- _Material for the task_:
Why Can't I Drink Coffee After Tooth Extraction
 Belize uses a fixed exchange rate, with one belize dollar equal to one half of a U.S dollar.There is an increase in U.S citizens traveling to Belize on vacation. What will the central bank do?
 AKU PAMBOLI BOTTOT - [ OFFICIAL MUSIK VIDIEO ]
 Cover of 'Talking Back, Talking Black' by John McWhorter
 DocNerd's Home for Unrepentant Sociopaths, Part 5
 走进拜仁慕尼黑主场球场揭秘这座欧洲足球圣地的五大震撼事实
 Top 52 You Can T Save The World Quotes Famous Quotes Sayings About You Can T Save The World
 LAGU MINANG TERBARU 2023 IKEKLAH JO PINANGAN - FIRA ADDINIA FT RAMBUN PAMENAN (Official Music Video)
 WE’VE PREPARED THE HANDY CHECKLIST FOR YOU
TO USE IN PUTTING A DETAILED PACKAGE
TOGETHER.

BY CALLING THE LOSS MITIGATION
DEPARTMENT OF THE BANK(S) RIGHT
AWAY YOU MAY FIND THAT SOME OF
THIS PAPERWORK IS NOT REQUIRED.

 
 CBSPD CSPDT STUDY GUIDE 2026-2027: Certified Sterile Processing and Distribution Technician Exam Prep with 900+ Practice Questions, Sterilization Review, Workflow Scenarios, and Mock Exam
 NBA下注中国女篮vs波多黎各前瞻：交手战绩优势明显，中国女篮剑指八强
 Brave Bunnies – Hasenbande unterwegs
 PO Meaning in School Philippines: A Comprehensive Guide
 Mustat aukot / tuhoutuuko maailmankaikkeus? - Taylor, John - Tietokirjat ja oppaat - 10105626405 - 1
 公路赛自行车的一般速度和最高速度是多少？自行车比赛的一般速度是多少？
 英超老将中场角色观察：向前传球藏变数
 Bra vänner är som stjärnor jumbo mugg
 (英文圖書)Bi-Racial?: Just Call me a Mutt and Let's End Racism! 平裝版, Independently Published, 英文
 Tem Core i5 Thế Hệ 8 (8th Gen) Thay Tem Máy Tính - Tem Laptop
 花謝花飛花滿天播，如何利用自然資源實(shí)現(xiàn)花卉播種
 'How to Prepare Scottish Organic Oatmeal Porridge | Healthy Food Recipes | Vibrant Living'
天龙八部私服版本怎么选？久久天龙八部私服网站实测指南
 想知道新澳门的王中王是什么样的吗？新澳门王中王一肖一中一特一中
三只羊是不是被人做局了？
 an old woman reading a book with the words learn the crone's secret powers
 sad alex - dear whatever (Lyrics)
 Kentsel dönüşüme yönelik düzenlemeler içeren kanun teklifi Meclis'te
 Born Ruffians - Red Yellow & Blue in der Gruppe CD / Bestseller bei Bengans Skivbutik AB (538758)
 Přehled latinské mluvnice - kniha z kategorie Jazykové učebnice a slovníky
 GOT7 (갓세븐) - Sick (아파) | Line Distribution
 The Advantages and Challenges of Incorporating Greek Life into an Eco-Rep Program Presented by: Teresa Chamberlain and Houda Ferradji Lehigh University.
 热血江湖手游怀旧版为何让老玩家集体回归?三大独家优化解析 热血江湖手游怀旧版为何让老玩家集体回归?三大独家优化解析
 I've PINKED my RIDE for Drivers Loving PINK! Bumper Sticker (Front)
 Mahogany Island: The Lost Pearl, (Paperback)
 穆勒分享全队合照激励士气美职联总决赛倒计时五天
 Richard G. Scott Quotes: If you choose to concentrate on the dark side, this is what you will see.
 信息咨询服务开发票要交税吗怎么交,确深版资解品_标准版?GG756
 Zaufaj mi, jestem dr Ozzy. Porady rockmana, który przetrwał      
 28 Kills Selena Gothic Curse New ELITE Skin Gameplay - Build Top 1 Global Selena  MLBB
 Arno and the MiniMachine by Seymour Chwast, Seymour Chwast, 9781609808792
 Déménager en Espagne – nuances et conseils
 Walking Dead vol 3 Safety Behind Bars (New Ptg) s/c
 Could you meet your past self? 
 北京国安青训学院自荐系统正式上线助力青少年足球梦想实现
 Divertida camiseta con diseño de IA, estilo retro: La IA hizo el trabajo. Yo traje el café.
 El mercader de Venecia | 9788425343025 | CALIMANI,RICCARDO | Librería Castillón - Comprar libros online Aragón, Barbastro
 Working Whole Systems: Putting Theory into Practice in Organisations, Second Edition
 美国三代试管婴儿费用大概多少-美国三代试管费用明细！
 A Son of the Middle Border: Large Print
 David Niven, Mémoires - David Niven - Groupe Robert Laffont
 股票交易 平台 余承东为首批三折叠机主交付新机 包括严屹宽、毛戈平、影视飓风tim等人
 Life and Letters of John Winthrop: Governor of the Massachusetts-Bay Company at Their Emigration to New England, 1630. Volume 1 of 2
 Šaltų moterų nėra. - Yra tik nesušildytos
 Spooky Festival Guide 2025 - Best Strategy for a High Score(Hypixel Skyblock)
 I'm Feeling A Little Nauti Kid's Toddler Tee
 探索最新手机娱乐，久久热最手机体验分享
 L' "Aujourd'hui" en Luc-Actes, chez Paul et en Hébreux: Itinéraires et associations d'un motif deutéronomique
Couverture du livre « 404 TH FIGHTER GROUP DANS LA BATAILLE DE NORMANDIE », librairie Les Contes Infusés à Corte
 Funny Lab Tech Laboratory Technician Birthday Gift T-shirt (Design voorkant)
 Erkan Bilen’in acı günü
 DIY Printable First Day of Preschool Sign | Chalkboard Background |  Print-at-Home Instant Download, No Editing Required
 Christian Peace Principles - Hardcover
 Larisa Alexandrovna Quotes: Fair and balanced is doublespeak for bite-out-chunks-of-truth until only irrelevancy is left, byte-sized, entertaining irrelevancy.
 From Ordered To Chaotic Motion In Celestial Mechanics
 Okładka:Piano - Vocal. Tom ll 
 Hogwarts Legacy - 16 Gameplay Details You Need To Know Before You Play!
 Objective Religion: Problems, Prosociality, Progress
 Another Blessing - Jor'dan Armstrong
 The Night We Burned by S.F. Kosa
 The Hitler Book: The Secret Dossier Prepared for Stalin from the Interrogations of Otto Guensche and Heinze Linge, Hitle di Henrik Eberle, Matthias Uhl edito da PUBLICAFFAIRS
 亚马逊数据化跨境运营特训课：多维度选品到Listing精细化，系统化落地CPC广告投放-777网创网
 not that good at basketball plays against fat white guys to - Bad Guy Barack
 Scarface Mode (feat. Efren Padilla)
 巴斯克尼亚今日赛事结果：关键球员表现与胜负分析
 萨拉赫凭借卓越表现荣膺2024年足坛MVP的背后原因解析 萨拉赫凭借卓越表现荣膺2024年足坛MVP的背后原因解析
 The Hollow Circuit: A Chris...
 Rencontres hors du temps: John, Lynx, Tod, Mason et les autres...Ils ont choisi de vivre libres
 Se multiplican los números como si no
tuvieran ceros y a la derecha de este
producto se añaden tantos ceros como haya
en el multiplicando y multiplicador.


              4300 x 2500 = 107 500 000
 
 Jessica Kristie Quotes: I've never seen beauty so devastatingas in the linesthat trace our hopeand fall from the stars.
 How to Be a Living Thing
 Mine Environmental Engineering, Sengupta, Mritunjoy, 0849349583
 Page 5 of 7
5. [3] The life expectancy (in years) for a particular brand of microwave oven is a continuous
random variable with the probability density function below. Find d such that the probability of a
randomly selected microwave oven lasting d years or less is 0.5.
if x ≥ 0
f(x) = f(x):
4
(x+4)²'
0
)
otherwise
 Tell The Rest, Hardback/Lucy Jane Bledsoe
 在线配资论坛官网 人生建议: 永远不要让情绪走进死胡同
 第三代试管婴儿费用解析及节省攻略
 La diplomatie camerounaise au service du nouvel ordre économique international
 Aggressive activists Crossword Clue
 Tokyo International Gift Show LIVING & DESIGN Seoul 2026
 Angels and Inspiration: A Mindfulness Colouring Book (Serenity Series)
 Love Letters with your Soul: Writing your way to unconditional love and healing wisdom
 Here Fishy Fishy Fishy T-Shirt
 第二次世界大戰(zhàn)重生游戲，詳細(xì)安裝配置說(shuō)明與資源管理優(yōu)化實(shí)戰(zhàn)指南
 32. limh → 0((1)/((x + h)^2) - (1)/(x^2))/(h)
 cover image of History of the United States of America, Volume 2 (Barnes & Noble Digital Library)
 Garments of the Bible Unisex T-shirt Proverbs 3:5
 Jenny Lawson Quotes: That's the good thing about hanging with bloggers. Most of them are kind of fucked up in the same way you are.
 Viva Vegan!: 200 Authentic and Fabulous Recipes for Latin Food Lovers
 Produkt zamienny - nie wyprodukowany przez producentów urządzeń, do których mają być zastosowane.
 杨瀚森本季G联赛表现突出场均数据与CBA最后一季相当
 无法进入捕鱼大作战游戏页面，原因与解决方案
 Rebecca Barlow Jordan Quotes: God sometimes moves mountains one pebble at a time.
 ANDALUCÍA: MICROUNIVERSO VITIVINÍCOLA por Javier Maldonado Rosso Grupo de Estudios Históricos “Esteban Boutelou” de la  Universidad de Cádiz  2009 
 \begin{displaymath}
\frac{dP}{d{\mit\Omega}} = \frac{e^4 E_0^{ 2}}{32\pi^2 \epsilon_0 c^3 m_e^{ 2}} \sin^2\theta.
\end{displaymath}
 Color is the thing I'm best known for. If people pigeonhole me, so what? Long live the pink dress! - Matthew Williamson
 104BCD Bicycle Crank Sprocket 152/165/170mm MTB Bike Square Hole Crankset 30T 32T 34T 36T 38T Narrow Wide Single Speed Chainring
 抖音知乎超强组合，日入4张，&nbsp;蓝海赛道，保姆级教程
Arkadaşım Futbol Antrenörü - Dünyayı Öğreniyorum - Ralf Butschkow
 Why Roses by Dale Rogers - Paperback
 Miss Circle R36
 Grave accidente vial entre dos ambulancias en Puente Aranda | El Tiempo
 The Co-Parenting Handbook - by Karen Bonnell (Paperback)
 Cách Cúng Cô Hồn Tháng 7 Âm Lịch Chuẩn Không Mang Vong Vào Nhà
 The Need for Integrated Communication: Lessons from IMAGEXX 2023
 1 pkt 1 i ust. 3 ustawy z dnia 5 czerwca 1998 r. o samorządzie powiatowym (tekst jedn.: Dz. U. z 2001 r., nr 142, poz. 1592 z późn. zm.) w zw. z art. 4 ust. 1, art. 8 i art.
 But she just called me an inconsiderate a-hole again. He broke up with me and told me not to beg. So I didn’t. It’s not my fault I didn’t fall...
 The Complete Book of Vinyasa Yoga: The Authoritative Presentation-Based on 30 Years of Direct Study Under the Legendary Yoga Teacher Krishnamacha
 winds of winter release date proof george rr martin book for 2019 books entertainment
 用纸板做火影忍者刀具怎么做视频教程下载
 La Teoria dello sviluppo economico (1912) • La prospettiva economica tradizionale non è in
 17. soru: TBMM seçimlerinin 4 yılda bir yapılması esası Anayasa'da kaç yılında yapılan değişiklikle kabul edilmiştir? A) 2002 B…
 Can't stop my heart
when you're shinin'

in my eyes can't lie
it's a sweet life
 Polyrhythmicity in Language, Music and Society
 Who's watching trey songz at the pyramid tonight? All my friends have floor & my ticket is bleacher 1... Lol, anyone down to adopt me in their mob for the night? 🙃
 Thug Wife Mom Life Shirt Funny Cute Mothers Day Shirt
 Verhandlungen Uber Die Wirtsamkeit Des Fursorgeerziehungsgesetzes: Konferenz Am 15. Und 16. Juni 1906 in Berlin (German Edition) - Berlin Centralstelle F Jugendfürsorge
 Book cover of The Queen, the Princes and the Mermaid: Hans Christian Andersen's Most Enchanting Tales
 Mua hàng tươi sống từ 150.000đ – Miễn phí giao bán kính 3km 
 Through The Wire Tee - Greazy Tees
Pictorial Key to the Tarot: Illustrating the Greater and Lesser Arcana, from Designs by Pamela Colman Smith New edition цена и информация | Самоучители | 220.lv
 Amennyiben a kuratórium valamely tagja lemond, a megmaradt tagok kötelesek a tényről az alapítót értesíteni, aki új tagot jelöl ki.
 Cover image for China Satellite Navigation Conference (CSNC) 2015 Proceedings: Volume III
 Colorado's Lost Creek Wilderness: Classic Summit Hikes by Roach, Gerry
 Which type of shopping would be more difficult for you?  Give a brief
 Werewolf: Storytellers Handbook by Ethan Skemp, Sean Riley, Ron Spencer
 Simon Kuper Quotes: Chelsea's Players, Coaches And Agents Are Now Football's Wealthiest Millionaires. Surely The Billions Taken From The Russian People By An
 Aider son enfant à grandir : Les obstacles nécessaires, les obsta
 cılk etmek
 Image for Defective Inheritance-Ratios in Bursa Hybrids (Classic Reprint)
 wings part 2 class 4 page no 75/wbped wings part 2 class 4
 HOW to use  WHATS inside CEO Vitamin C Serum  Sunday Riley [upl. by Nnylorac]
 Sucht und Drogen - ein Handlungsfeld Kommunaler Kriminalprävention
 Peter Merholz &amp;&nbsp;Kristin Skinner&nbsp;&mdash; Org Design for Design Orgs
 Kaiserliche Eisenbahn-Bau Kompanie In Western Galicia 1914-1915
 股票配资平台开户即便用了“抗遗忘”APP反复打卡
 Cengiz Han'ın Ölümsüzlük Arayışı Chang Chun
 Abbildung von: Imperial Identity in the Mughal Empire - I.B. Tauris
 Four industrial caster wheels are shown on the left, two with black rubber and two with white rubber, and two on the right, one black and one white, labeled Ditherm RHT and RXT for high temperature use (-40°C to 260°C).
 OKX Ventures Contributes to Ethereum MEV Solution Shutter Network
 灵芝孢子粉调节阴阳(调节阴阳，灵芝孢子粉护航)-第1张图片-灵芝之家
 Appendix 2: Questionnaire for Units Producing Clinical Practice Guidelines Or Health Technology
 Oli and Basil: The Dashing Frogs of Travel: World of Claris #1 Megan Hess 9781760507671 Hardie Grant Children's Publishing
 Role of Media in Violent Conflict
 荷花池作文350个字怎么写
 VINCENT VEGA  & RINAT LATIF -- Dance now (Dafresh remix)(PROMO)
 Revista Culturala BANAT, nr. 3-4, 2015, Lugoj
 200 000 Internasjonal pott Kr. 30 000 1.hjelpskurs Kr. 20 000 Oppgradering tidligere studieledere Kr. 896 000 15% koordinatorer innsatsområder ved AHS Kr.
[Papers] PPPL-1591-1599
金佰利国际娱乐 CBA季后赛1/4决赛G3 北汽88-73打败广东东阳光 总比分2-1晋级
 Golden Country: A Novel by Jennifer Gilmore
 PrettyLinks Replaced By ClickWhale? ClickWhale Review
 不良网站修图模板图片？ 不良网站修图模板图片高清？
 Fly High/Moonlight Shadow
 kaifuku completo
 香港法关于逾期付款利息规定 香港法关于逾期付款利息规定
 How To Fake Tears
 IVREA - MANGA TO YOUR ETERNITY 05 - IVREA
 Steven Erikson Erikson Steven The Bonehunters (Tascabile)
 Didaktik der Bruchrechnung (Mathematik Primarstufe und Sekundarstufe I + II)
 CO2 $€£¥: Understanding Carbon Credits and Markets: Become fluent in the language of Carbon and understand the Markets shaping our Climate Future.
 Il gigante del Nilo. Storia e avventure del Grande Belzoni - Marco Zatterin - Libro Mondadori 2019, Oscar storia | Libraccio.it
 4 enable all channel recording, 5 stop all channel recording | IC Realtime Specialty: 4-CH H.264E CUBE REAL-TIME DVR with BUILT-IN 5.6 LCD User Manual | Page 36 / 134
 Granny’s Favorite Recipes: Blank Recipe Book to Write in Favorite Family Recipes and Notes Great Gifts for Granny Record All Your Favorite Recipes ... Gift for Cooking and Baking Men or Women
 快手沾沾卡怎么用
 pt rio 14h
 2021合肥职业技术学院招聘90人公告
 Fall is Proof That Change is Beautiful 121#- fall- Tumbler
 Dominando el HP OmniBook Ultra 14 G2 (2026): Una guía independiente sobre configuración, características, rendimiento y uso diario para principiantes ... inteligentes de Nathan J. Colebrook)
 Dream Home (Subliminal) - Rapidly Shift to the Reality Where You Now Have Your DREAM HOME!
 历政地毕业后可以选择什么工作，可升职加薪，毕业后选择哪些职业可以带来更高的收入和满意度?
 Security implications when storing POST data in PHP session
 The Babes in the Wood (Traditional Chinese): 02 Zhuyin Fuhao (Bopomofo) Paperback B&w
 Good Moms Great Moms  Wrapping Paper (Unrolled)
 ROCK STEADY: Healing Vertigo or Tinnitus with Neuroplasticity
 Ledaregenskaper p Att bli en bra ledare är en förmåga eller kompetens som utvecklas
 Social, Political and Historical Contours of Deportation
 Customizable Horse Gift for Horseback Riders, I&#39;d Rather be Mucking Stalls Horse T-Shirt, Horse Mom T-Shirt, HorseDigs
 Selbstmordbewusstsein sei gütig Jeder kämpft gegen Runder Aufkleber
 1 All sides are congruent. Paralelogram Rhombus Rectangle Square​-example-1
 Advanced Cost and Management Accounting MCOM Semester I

- _Aim of the exercise_:
Would you print, exactly as written, every line above from the one holding "想知道新澳门的王中王是什么样的吗？新澳门王中王一肖一中一特一中" through the one holding "28 Kills Selena", with both included and no other lines?

- _Written answer_:
 想知道新澳门的王中王是什么样的吗？新澳门王中王一肖一中一特一中
三只羊是不是被人做局了？
 an old woman reading a book with the words learn the crone's secret powers
 sad alex - dear whatever (Lyrics)
 Kentsel dönüşüme yönelik düzenlemeler içeren kanun teklifi Meclis'te
 Born Ruffians - Red Yellow & Blue in der Gruppe CD / Bestseller bei Bengans Skivbutik AB (538758)
 Přehled latinské mluvnice - kniha z kategorie Jazykové učebnice a slovníky
 GOT7 (갓세븐) - Sick (아파) | Line Distribution
 The Advantages and Challenges of Incorporating Greek Life into an Eco-Rep Program Presented by: Teresa Chamberlain and Houda Ferradji Lehigh University.
 热血江湖手游怀旧版为何让老玩家集体回归?三大独家优化解析 热血江湖手游怀旧版为何让老玩家集体回归?三大独家优化解析
 I've PINKED my RIDE for Drivers Loving PINK! Bumper Sticker (Front)
 Mahogany Island: The Lost Pearl, (Paperback)
 穆勒分享全队合照激励士气美职联总决赛倒计时五天
 Richard G. Scott Quotes: If you choose to concentrate on the dark side, this is what you will see.
 信息咨询服务开发票要交税吗怎么交,确深版资解品_标准版?GG756
 Zaufaj mi, jestem dr Ozzy. Porady rockmana, który przetrwał      
 28 Kills Selena Gothic Curse New ELITE Skin Gameplay - Build Top 1 Global Selena  MLBB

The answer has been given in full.